7 - Corals as archives
Published online by Cambridge University Press: 23 December 2009
Summary
Corals are diaries that record within their pages many types of environmental information …
Geochemistry of corals: proxies of past ocean chemistry, ocean circulation, and climate Ellen R. M. Druffel (1997)Viewed from space the oceans dominate the surface of the Earth – as Arthur C. Clarke once noted, ‘How inappropriate to call this planet Earth when it is quite clearly Ocean.’ In terms of climate, the oceans are the Earth's major heat storage and transport system.

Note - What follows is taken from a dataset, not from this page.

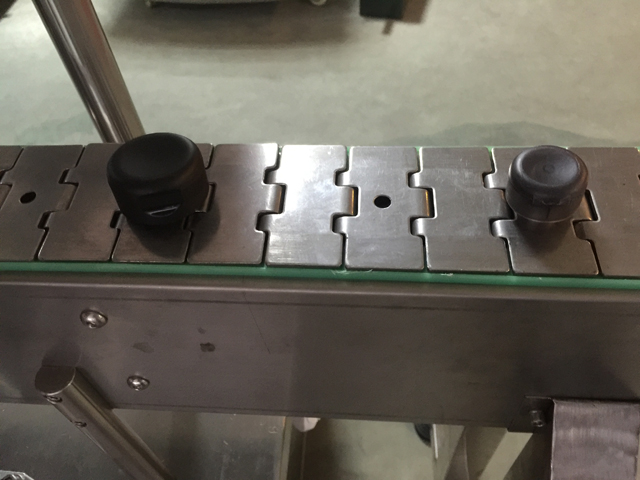 tapes sleeve etiketteermachine.jpg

For example, the first three metres of the oceans alone have an equivalent heat capacity to the Earth's entire atmosphere. Ultimately it is the oceans that exert the strongest control over planetary climate change and so perhaps it is not surprising that the clues to past climate change and the symptoms of future climate change can be found in the ocean record. Palaeoceanographers have reconstructed past climatic conditions using marine temperature proxies recorded in diverse sources ranging from foraminiferal tests in deep-sea sediments to annually banded shallow-water tropical corals. For example, oxygen isotope records from shallow, warm-water corals have revealed a recent, long-term warming and/or freshening throughout tropical regions (see review by Grottoli & Eakin, 2007). As predicted by Druffel (1997), cold-water corals are now emerging as a key archive of intermediate water-mass history. Unlike sediment-based foraminiferal records, which can be disrupted by the sediment mixing activity of infauna (bioturbation), coral skeletons offer continuous, high-resolution archives. Unlike tropical corals they are not restricted to the shallow, euphotic zone at tropical latitudes.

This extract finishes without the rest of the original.